● **Material supplied**:
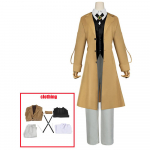 Anime Bungo Stray Dogs Dazai Osamu Cosplay Kost&uuml;&uuml;m Pikk Jakk Mantel &Uuml;likond T&auml;iskasvanud Mehed Tuulejope Halloween J&otilde;ulud riided L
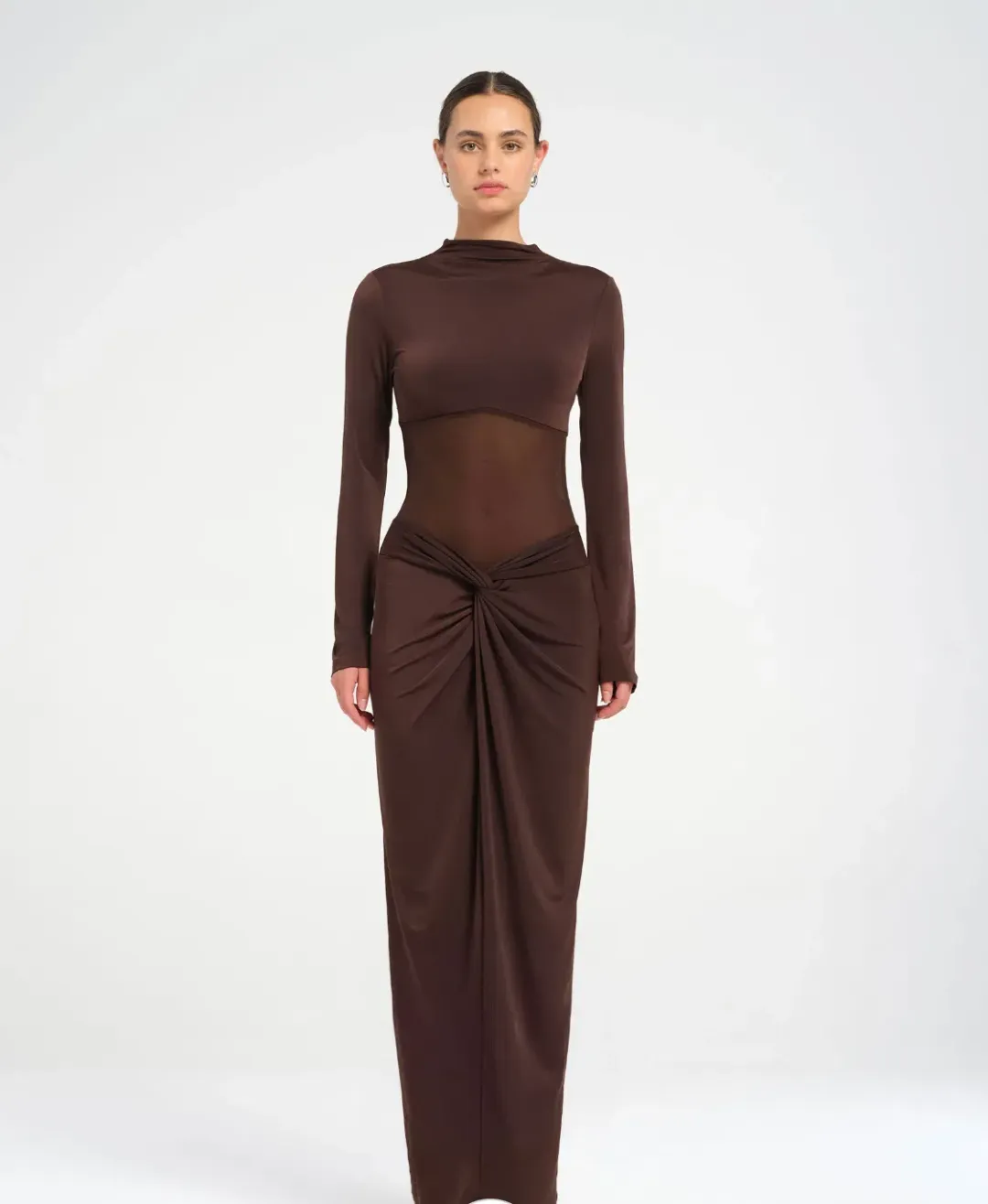 BENNI Dora Maxi Dress  Chocolate Size S AU 8 for rent on The Volte - main image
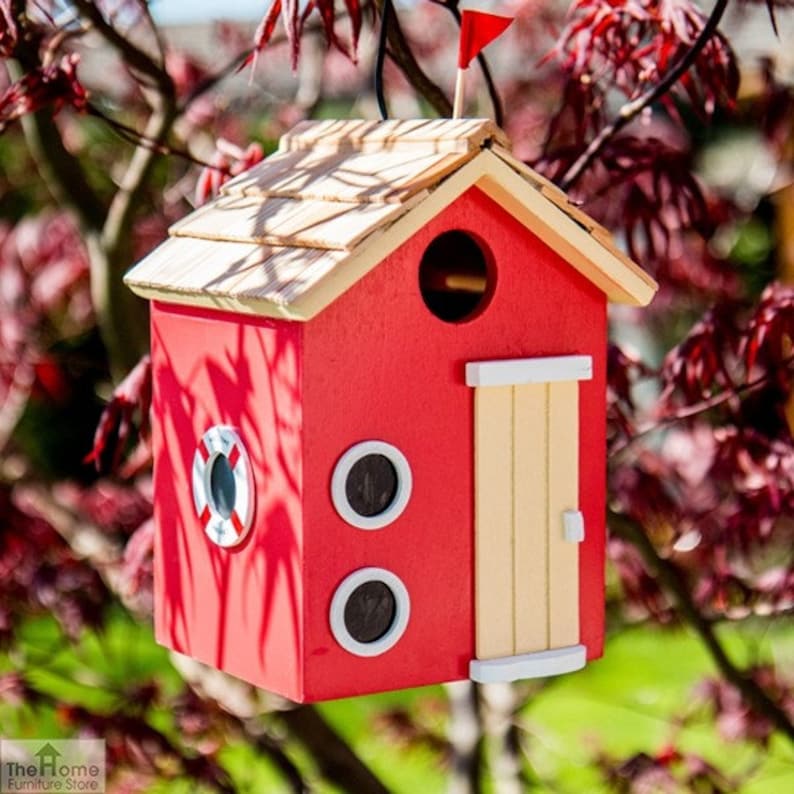 Bayside Beach Hut Wooden Birdhouse in Red image 1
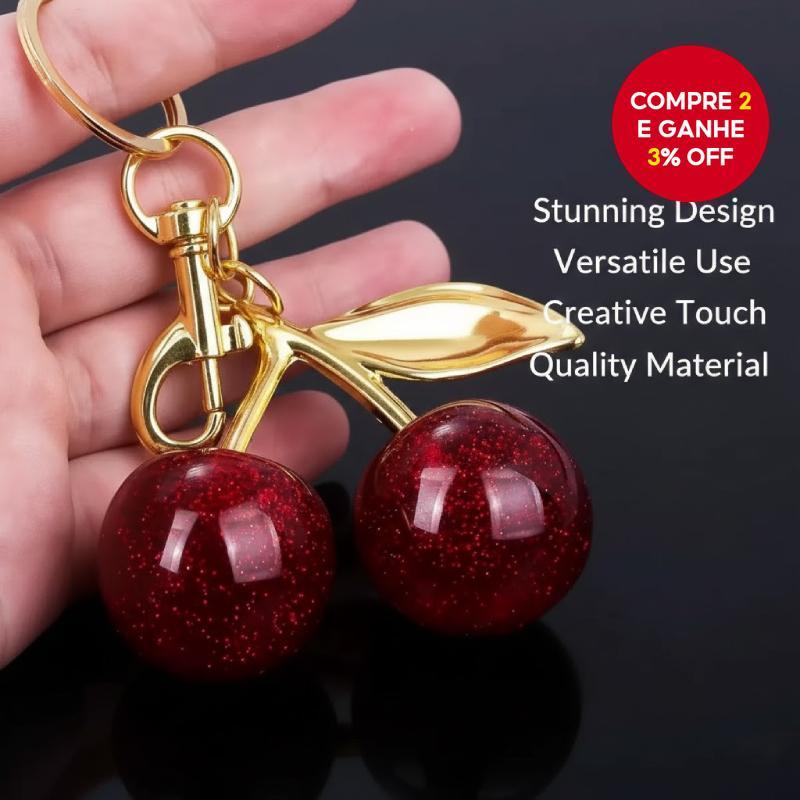 Chaveiro De Cristal Cereja Pingente Criativo Saco Charme Para Presente De Feriado Feminino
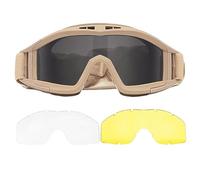 SHITOOMFE Airsoft Goggles anti-brouillard, Airsoft Goggles Réglable Sécurité anti-brouillard avec 3 lentilles interchangeables pour la chasse à cyclisme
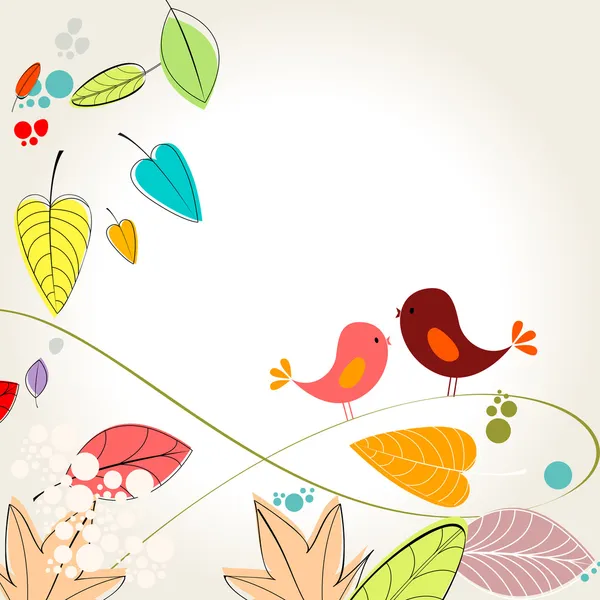 Bunte Herbstblätter und Vögel Illustration — Stockvektor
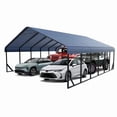 thumbnail image 1 of 20x30 ft Portable Garage Heavy-Duty Metal Carport Canopy Kit, All-Weather Shelter with Reinforced Galvanized Steel Frame, Snow Load Rated for RV, Truck, Boat & 2 Car Storage, Multi-Use Party Tent, 1 of 6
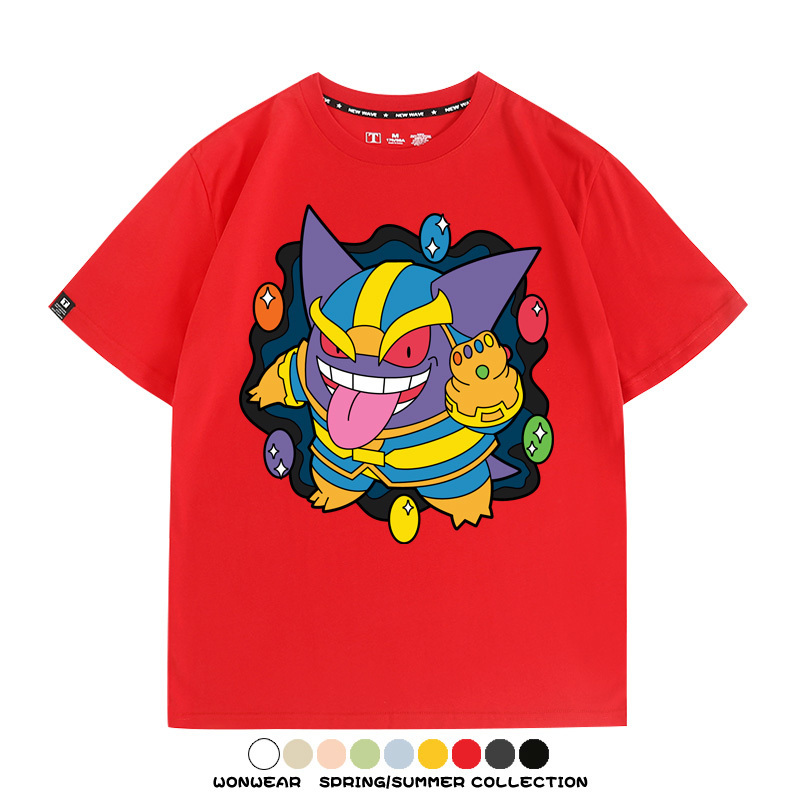 耿鬼斯寶可夢滅霸聯名 親子情侶裝寬鬆短袖T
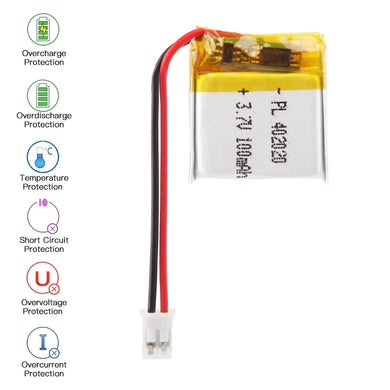 [PH2.0-JST Connector][402020] Universal 100mAh 3.7V Rechargeable Li-Ion Lithium Polymer Battery - Polar Tech Australia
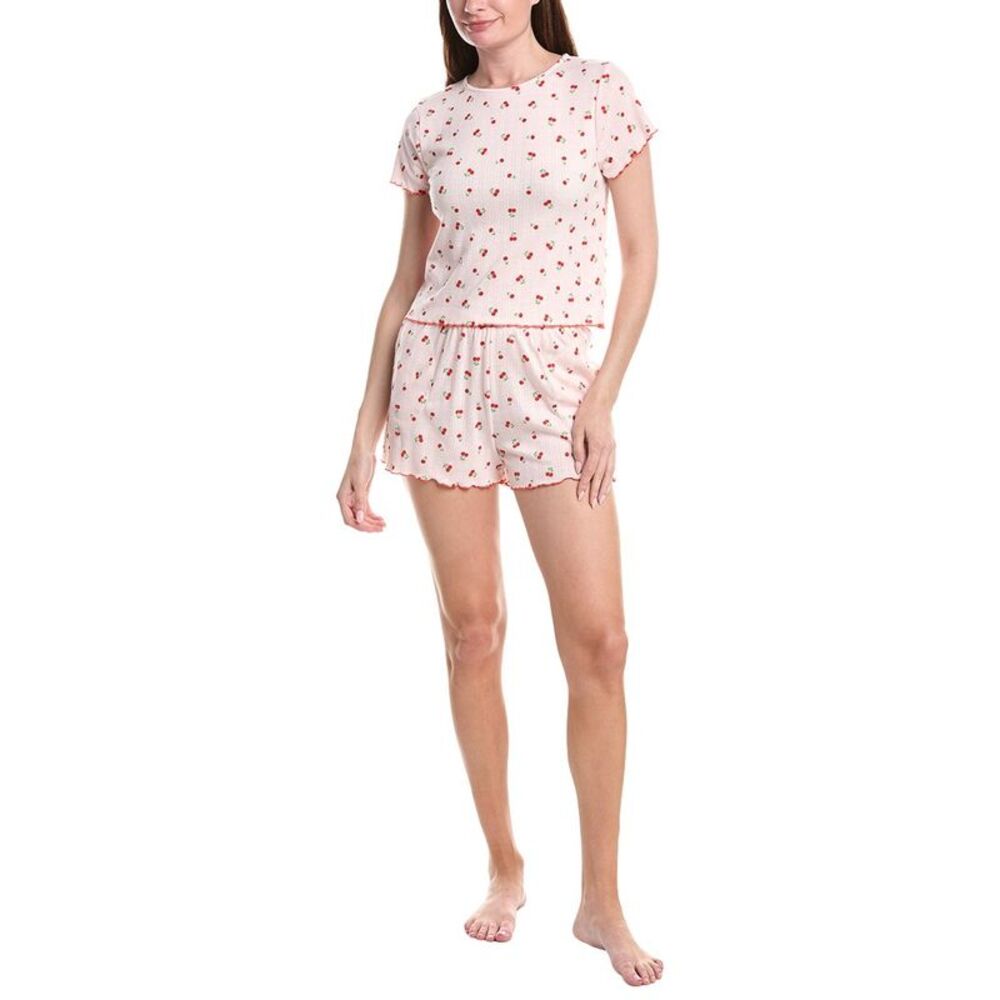 40 Winks Womens  2Pc Pajama Short Set, Pink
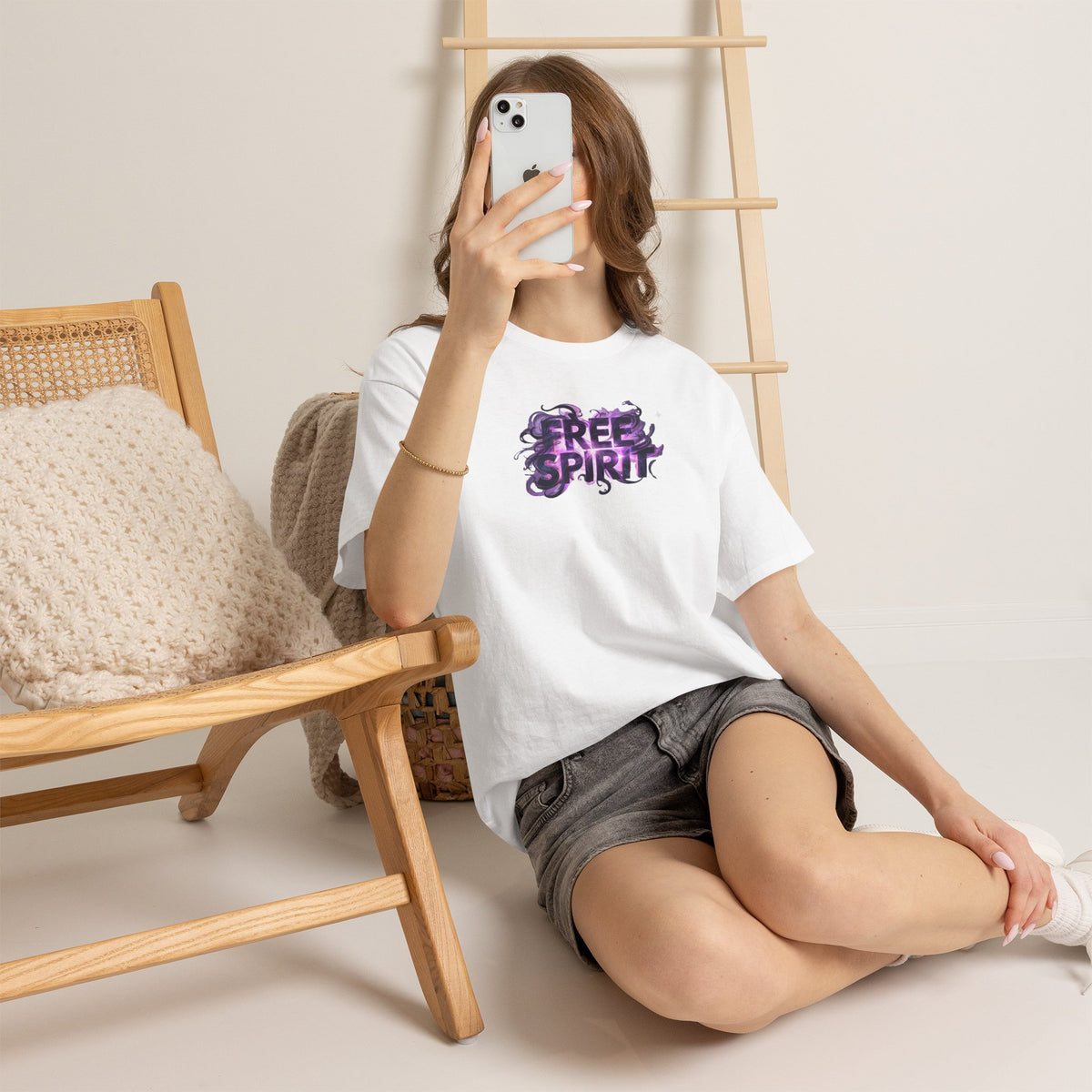 Free Spirit Tee — Purple Galaxy Wings Graphic T-Shirt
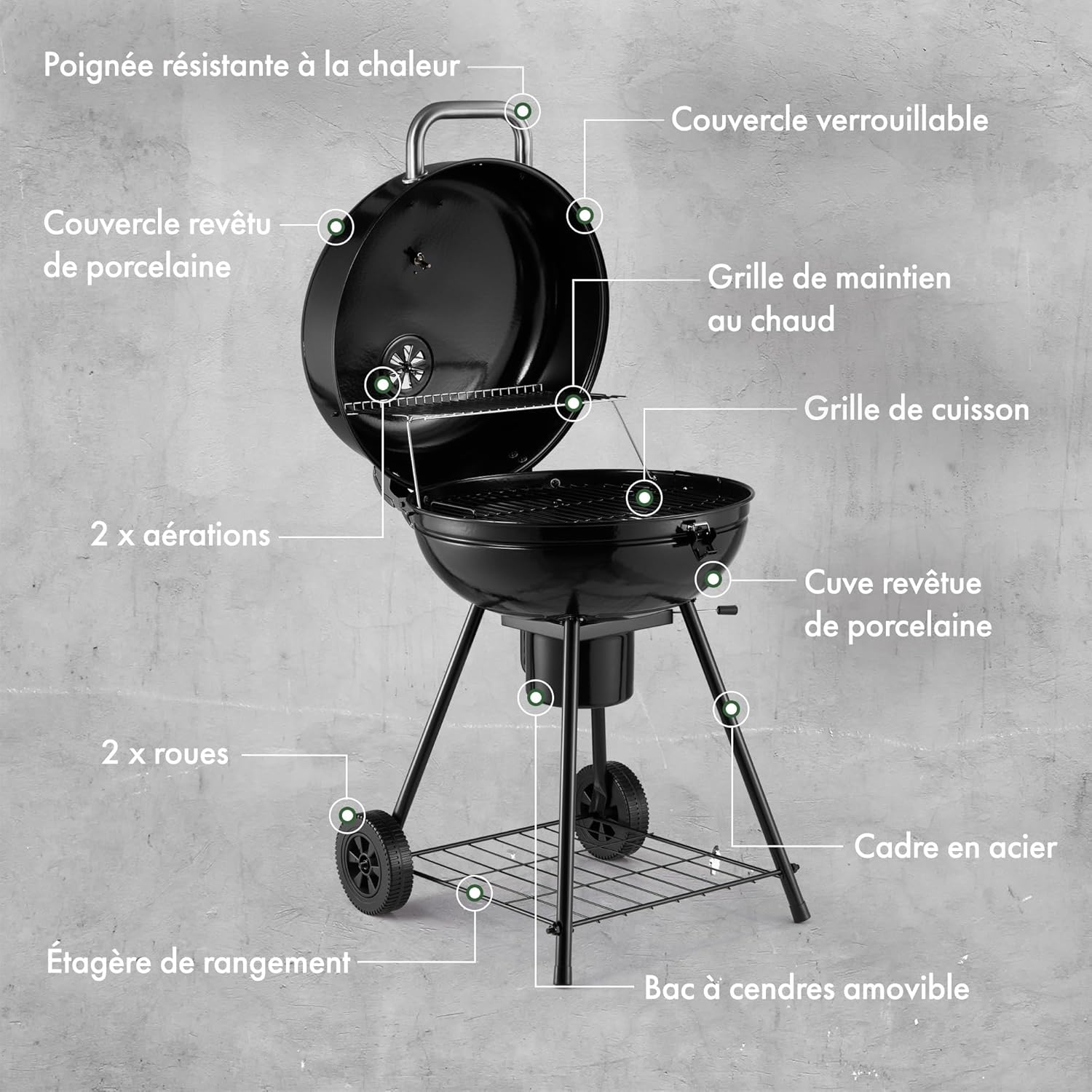 VonHaus - Barbecue portable série 22.5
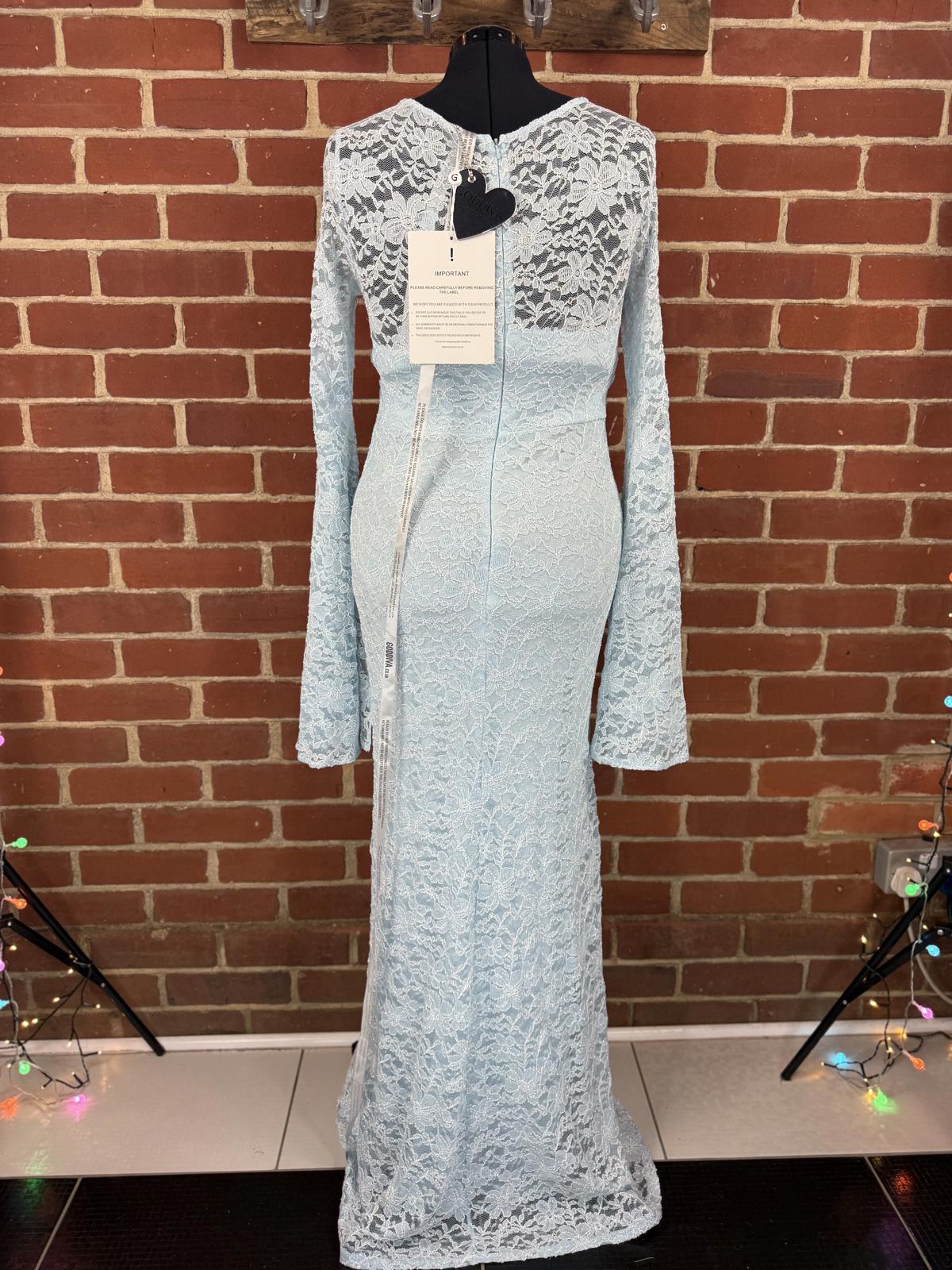 Goddiva Sky Blue Lace Maxi Dress UK 16 / US 12 – Flare Sleeves & V-Neck     .263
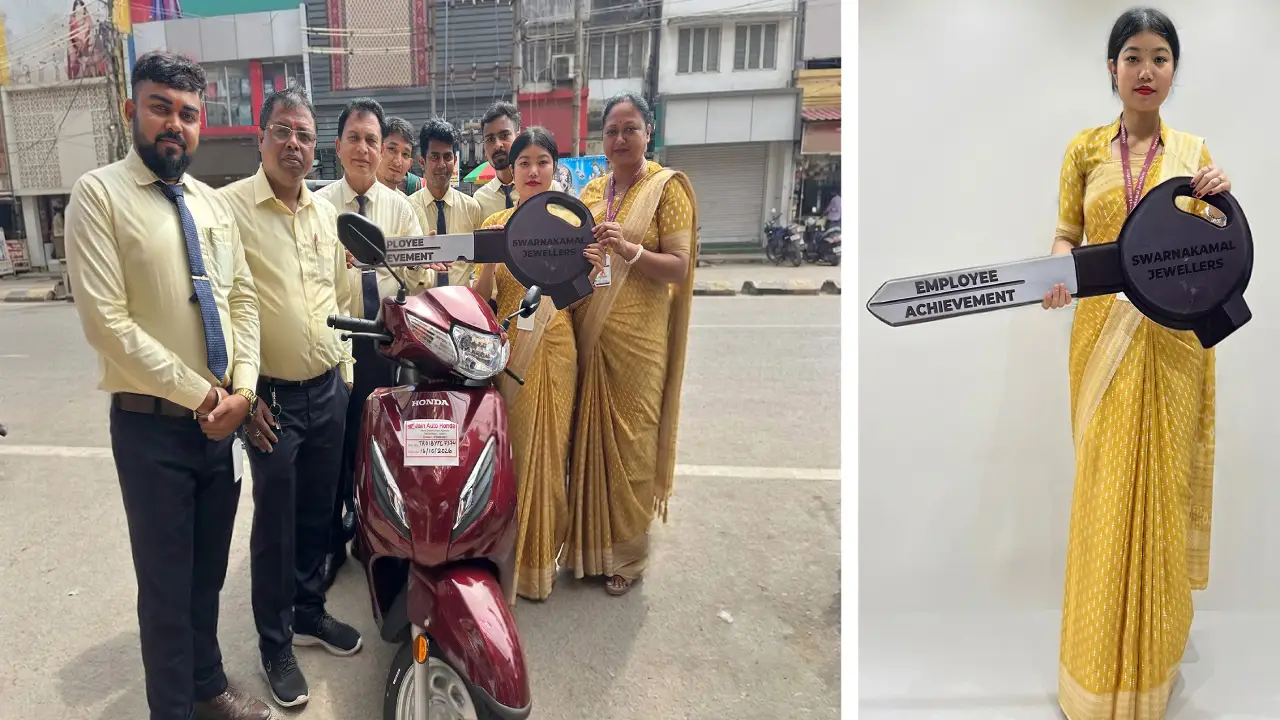 কর্মনিষ্ঠা ও অধ্যবসায়ের স্বীকৃতি: স্বর্ণকমল জুয়েলার্সের কর্মী বিউটি মারাক পেলেন হোন্ডা অ্যাক্টিভা স্কুটি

● **Task description**: Repeat the line containing "Chaveiro De Cristal" and every line after it up to the end of the material above, exactly as they stand, minus the pictures.

● **Answer below**:
 Chaveiro De Cristal Cereja Pingente Criativo Saco Charme Para Presente De Feriado Feminino
 SHITOOMFE Airsoft Goggles anti-brouillard, Airsoft Goggles Réglable Sécurité anti-brouillard avec 3 lentilles interchangeables pour la chasse à cyclisme
 Bunte Herbstblätter und Vögel Illustration — Stockvektor
 thumbnail image 1 of 20x30 ft Portable Garage Heavy-Duty Metal Carport Canopy Kit, All-Weather Shelter with Reinforced Galvanized Steel Frame, Snow Load Rated for RV, Truck, Boat & 2 Car Storage, Multi-Use Party Tent, 1 of 6
 耿鬼斯寶可夢滅霸聯名 親子情侶裝寬鬆短袖T
 [PH2.0-JST Connector][402020] Universal 100mAh 3.7V Rechargeable Li-Ion Lithium Polymer Battery - Polar Tech Australia
 40 Winks Womens  2Pc Pajama Short Set, Pink
 Free Spirit Tee — Purple Galaxy Wings Graphic T-Shirt
 VonHaus - Barbecue portable série 22.5
 Goddiva Sky Blue Lace Maxi Dress UK 16 / US 12 – Flare Sleeves & V-Neck     .263
 কর্মনিষ্ঠা ও অধ্যবসায়ের স্বীকৃতি: স্বর্ণকমল জুয়েলার্সের কর্মী বিউটি মারাক পেলেন হোন্ডা অ্যাক্টিভা স্কুটি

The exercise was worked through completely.